What is required >> Scan the listing for the word "based", and copy out each line where it is found.

Task input >>
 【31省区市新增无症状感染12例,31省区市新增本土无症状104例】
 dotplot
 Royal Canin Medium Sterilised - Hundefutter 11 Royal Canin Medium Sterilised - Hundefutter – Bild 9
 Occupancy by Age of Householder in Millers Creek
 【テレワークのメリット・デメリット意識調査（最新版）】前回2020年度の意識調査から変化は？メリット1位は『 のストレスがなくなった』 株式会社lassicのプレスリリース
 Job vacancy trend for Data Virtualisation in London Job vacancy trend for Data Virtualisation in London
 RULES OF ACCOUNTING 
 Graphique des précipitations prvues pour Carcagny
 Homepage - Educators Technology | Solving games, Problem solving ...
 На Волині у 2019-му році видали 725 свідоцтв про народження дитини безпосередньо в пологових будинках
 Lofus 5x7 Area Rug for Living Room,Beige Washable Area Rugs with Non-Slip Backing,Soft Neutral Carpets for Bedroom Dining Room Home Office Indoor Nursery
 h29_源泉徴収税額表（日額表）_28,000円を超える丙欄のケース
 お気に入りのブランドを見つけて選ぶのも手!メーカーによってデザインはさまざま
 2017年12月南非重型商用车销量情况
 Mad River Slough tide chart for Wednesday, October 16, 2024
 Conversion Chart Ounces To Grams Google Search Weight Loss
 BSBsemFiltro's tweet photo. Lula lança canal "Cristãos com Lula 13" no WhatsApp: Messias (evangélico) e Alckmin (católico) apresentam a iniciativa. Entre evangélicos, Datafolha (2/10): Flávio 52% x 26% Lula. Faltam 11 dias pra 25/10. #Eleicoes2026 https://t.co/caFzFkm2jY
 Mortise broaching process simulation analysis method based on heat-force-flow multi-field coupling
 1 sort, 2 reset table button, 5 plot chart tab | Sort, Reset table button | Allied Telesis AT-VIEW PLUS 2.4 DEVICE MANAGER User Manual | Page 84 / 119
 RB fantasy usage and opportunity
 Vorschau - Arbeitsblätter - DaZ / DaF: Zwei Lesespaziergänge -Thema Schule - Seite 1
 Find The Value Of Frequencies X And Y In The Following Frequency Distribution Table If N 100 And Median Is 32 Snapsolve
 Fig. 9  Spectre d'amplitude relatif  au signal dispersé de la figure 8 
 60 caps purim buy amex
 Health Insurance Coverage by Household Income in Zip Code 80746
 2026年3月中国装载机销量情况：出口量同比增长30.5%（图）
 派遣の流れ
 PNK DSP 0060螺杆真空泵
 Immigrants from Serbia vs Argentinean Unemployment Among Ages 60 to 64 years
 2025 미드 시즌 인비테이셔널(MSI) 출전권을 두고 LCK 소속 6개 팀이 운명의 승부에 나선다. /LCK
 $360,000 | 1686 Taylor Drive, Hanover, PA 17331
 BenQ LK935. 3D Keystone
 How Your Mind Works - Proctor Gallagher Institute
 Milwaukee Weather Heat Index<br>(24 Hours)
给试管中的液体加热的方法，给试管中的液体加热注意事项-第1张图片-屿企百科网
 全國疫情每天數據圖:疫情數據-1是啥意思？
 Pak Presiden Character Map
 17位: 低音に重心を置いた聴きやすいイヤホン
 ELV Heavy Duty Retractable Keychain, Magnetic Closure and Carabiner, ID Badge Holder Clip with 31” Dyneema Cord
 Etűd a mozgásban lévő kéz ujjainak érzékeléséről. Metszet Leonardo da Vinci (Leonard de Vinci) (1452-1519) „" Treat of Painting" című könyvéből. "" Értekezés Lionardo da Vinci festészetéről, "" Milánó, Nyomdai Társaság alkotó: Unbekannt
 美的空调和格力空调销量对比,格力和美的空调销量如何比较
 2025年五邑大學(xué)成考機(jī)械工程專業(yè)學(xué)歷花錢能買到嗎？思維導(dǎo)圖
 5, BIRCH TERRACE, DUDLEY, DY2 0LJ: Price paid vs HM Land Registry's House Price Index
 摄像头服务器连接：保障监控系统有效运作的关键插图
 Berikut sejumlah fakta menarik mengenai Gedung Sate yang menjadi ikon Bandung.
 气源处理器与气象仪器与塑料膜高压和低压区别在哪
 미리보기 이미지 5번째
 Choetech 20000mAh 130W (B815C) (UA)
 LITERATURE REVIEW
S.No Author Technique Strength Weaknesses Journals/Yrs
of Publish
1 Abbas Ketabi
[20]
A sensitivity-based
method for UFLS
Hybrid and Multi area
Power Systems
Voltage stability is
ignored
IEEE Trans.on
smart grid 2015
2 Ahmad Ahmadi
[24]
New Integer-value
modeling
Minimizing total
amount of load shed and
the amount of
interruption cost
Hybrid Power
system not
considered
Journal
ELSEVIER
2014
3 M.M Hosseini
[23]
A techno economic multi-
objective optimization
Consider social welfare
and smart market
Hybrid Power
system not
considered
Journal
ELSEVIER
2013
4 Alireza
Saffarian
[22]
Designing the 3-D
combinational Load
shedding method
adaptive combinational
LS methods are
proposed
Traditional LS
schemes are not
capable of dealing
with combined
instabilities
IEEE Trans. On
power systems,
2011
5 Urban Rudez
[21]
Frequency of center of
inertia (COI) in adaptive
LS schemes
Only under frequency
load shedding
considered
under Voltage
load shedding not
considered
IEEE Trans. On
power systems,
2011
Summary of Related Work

Answer space >>
 Mortise broaching process simulation analysis method based on heat-force-flow multi-field coupling
A sensitivity-based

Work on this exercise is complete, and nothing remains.